Work to be completed
A letter-for-letter copy of the listing is required, with no pictures in it.

Given material
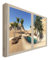 CCRETROILUMINADOS Ccretroilluminati Oasis Finte Finte Quadri Decorativi Illuminati, Metacrilato, Multicolore, 60 x 80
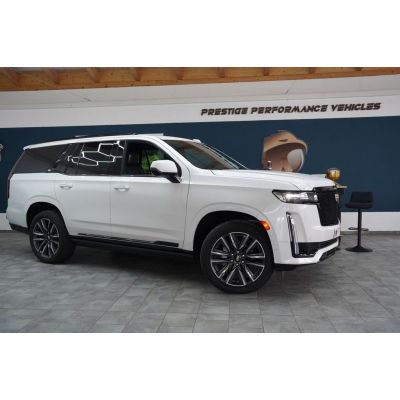 Cadillac 6.2L V8 Sport Platinum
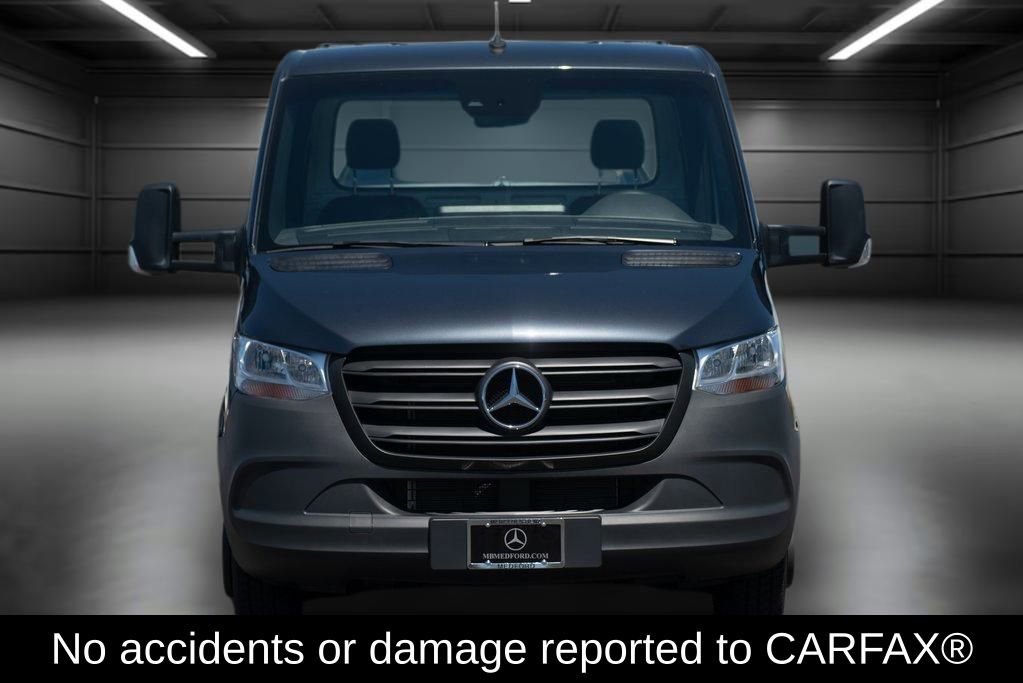 Used 2023 Mercedes-Benz Sprinter 4500 video 2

Answer below
 CCRETROILUMINADOS Ccretroilluminati Oasis Finte Finte Quadri Decorativi Illuminati, Metacrilato, Multicolore, 60 x 80
 Cadillac 6.2L V8 Sport Platinum
 Used 2023 Mercedes-Benz Sprinter 4500 video 2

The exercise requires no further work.